We are excited to welcome Arthur Mamou-Mani as part of the Kent School of Architecture and Planning Open Lecture series. Next week’s lecture is hosted by Digital Architecture Research Centre (DARC), and will take place on Tuesday 19 January at 6pm GMT via Microsoft Teams. Please use this link to join the lecture.
Arthur Mamou-Mani’s lecture, ‘Eco-Parametric and Circular Architecture’, will look through several of his practice’s projects. Arthur will show how parametric design and digital fabrication can bring us closer to the natural world, and how Mamou-Mani’s approach can lead the way towards a positive robotic age.
Arthur Mamou-Mani is an architect specialised in eco-parametricism, looking at coupling a cradle to cradle approach to digital design within the maker’s movement. As a diverse studio of designers, makers and technologists, Mamou-Mani’s methodology is to create synergy throughout these fields by using constant feedback and iterations. Their work uses algorithms to generate and evolve concepts based on rules and parameters, similarly to natural processes. Arthur’s belief in craft and innovation has led his practice to co-develop their own custom software for 3D printing and bespoke hardware for the wider fields of design and construction.

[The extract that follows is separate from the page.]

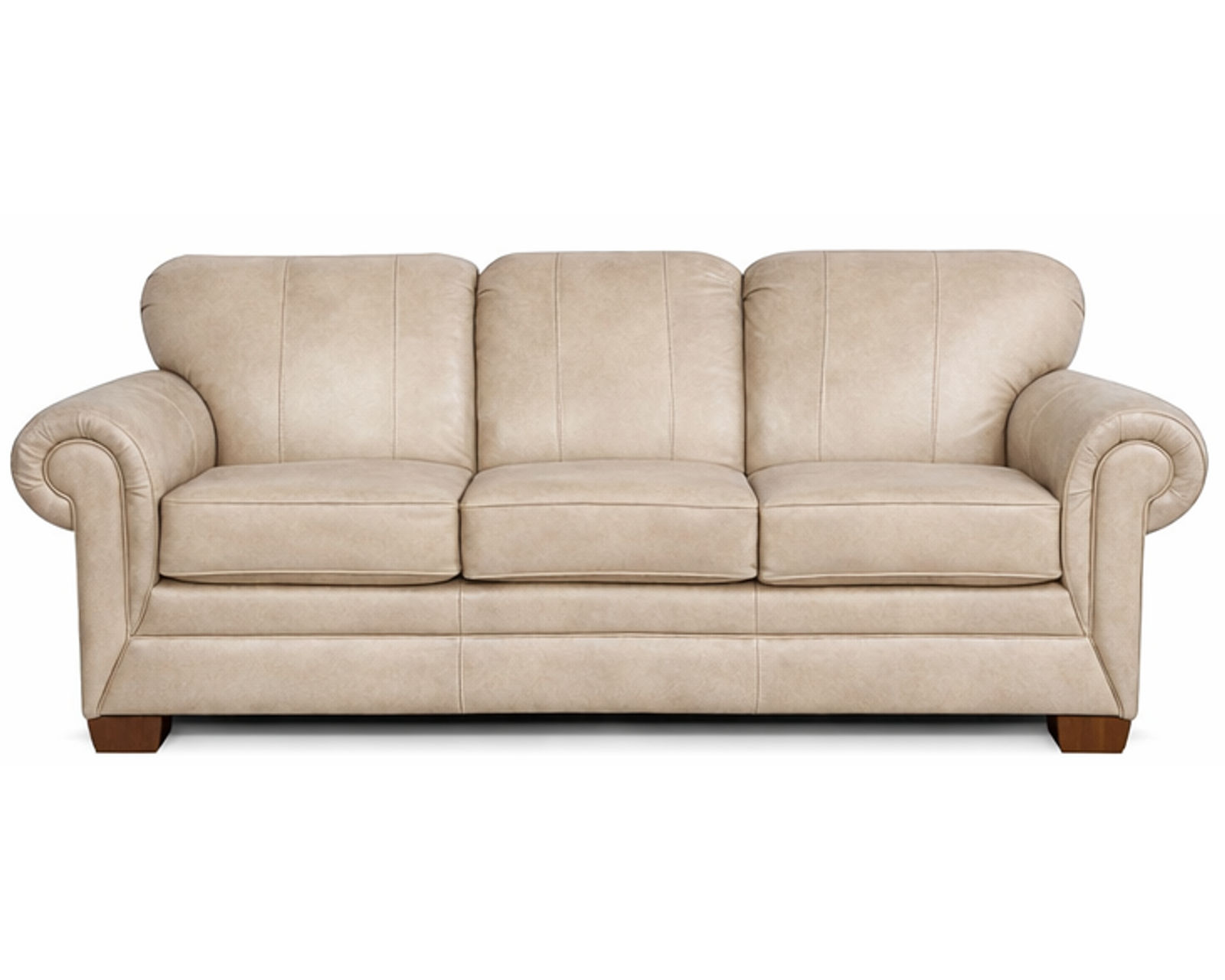 Monroe 87" Leather Sofa (+29 Top-Grain Leathers) - Image 6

Arthur Mamou-Mani is director of the award-winning architecture practice Mamou-Mani, specialising in a new kind of digitally designed and fabricated architecture. Arthur is a lecturer at the University of Westminster, and has given numerous talks around the world on eco-parametric architectural practice. A fellow of the Royal Society for Encouragement of the Arts Manufacture and Commerce, he has won the American Architecture prize, the RIBAj Rising Star Award and has recently been awarded the prestigious Pierre Cardin Prize for Architecture from the Academie des Beaux-Arts in France.In 2020 the Architects Journal named Mamou-Mani as one of it’s 100 ‘Disruptor’ practices, who are challenging the norms of traditional architecture practice. Alongside his architectural practice Arthur founded the digital-fabrication laboratory FabPub.